Re: [PATCH] xfs: handle inconsistent log item formatting state correctly

Brian Foster <bfoster@xxxxxxxxxx> · Mon, 26 Mar 2018 07:36:55 -0400

On Sat, Mar 24, 2018 at 10:05:42AM -0700, Darrick J. Wong wrote:
> On Fri, Mar 09, 2018 at 10:47:04AM -0500, Brian Foster wrote:
> > On Fri, Mar 09, 2018 at 09:10:38AM +1100, Dave Chinner wrote:
> > > On Thu, Mar 08, 2018 at 02:11:13PM -0500, Brian Foster wrote:
> > > > On Thu, Mar 08, 2018 at 03:40:17PM +1100, Dave Chinner wrote:
> > > > > On Tue, Mar 06, 2018 at 06:12:45PM -0800, Darrick J. Wong wrote:
> > > > > > On Tue, Mar 06, 2018 at 08:16:02PM -0500, Brian Foster wrote:
> > > > > > > On Wed, Mar 07, 2018 at 09:14:41AM +1100, Dave Chinner wrote:
> > > > > > > > On Tue, Mar 06, 2018 at 07:31:56AM -0500, Brian Foster wrote:
> > > > > > > My argument is not that it's not possible. My argument is that the
> > > > > > > semantics of XFS_LID_DIRTY suggest the transaction modified the object
> > > > > > > in memory. Today, that means we log a range of the object, log an
> > > > > > > invalidation or order a buffer. E.g., we modify an actual metadata
> > > > > > > object, dirty the item (log or order), dirty the lidp and dirty the
> > > > > > > transaction. If we didn't ever modify a particular object, then there's
> > > > > > > no reason to dirty it that I can see.

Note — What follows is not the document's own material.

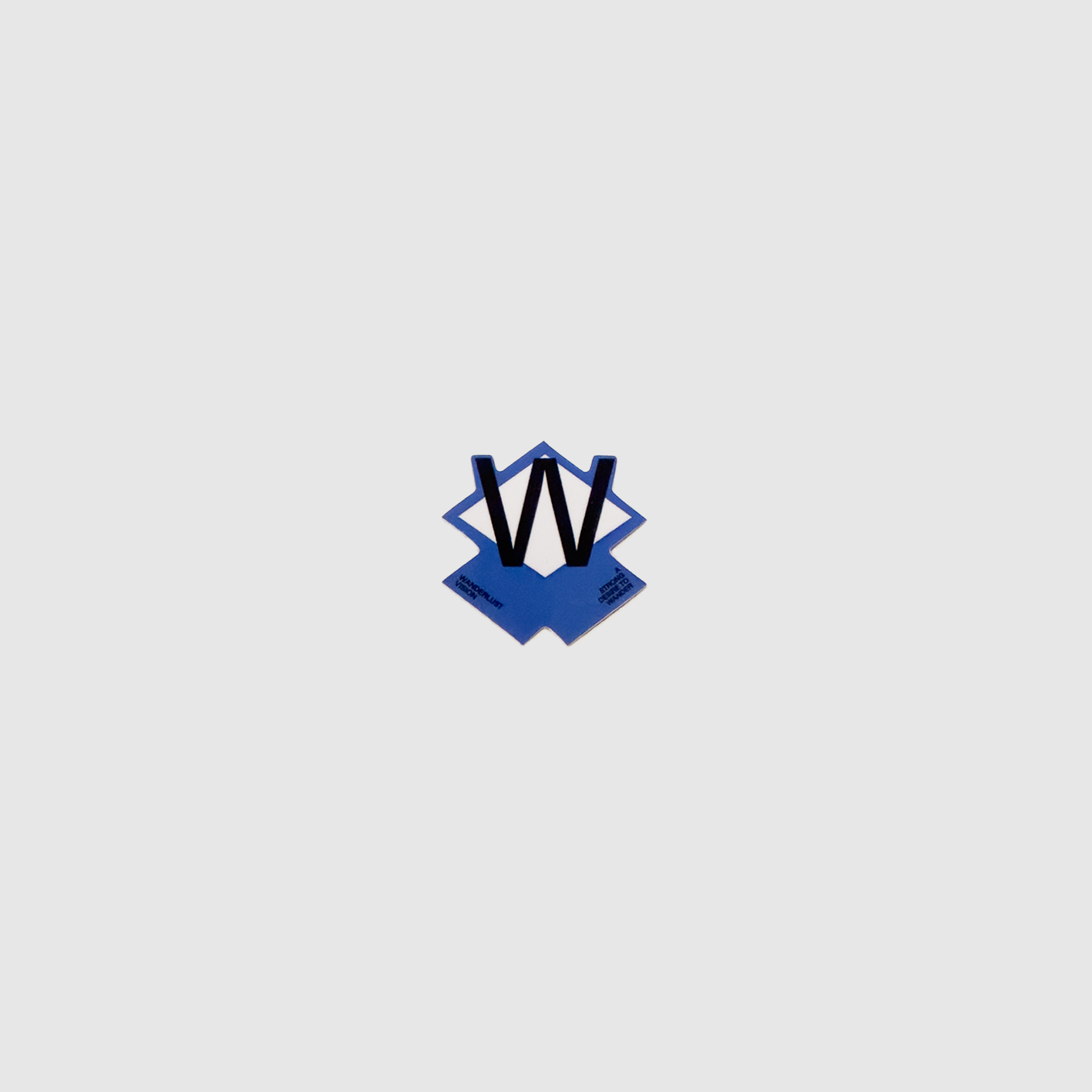 W-Sticker Pack | Wanderlust Vision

Failing to log/order the object
> > > > > > > properly doesn't justify assuming it hasn't been modified IMO, we don't
> > > > > > > really know either way.
> > > > > > > 
> > > > > > > The way the flag is used seems to bear that out. It's set when an object
> > > > > > > has been modified by a transaction. The way the flag alters behavior
> > > > > > > suggests the same. Objects that have been dirtied by a transaction
> > > > > > > cannot be released from that transaction and a cancel of a transaction
> > > > > > > with a dirty lidp causes fs shutdown (because we dirty the transaction
> > > > > > > once we dirty a lidp).
> > > > > 
> > > > > I'll point out that I've just stumbled onto a series of bugs where
> > > > > log items are multiply joined to a single transaction, in which case
> > > > > the lidp state may not reflect the current state of the log item
> > > > > because the log item no longer points to the lidp in question.
> > > > > 
> > > > > This also raises questions about what happens when we process a log
> > > > > item twice in the cil commit infrastructure - two formatting passes,
> > > > > multiple inserts into the CIL list, multiple calls to
> > > > > iop_committing/iop_unlock when the transaction is freed, etc.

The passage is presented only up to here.